- [Supplied entries]
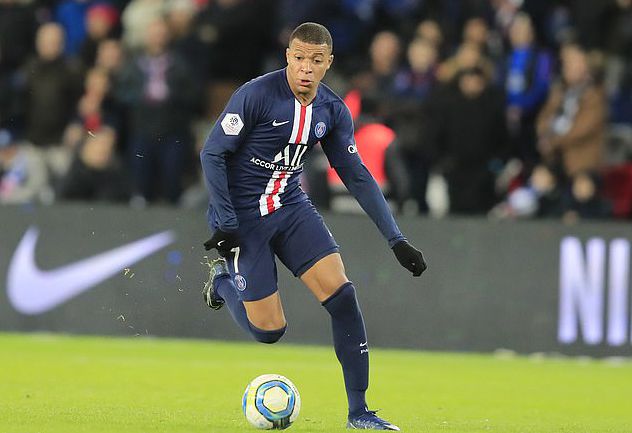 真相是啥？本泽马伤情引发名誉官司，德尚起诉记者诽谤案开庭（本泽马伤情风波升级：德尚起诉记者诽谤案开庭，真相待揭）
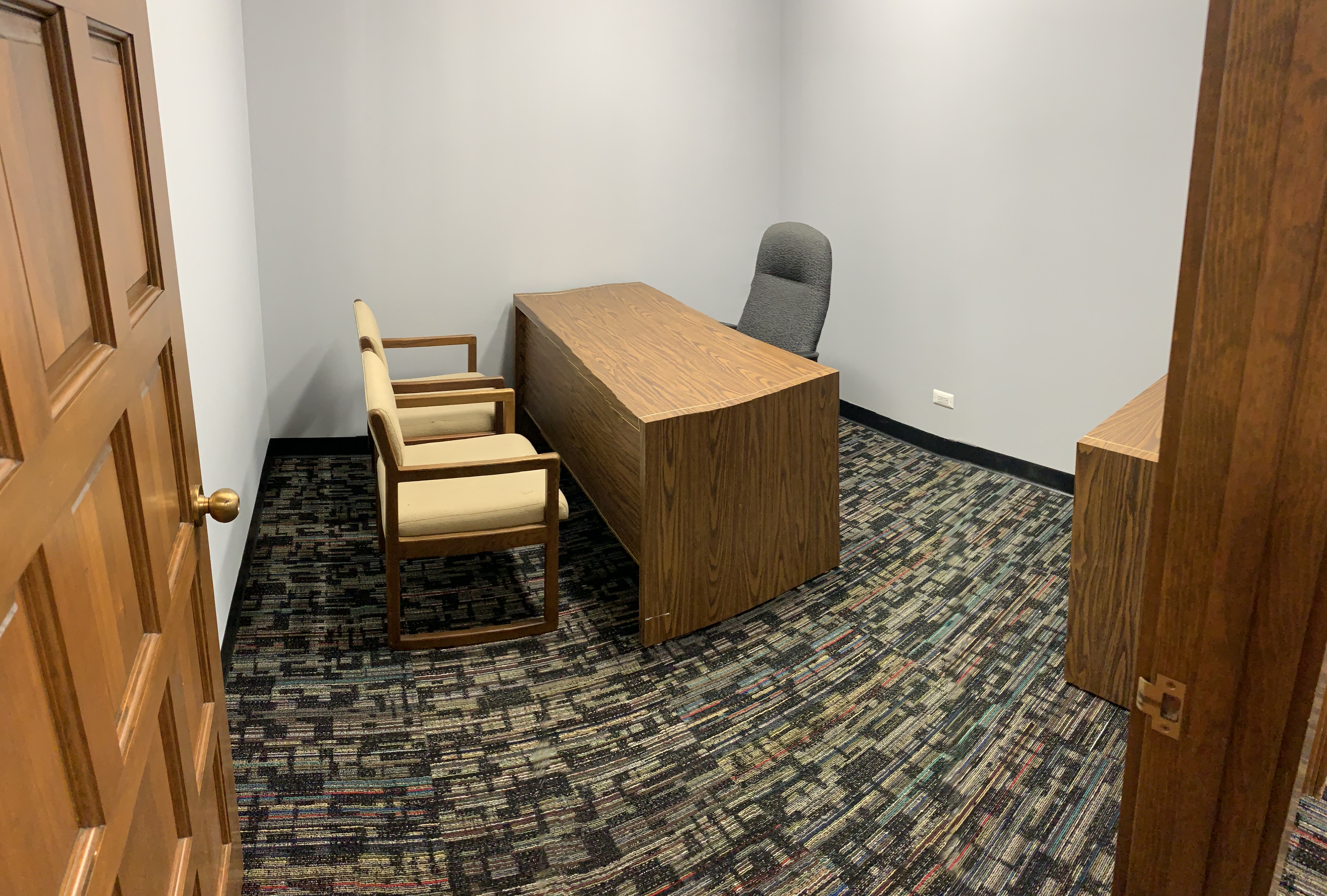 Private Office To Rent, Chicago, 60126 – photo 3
...
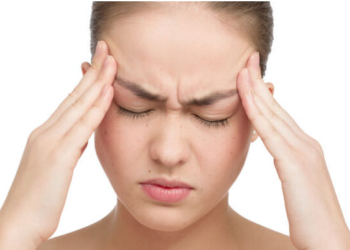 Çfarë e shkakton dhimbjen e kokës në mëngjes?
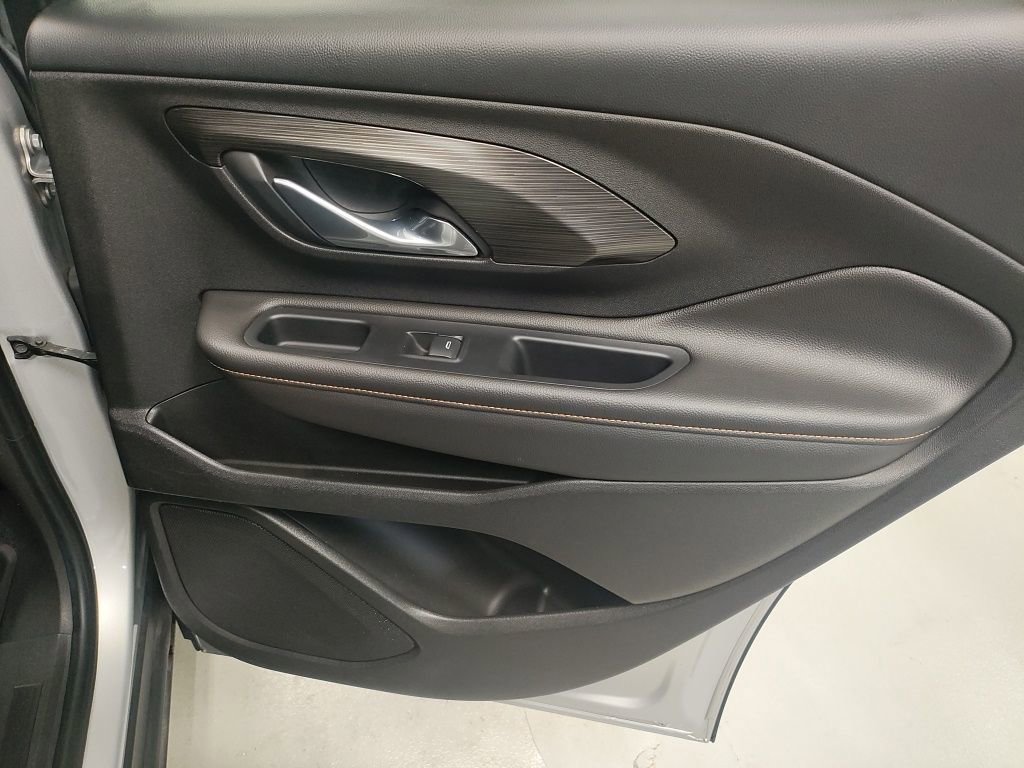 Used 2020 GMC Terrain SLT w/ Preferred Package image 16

- [What is expected]
Once the line with "Çfarë e shkakton" is found above, print it and every line after it through the line with "Used 2020 GMC", exactly. Pictures stay out.

- [Response box]
 Çfarë e shkakton dhimbjen e kokës në mëngjes?
 Used 2020 GMC Terrain SLT w/ Preferred Package image 16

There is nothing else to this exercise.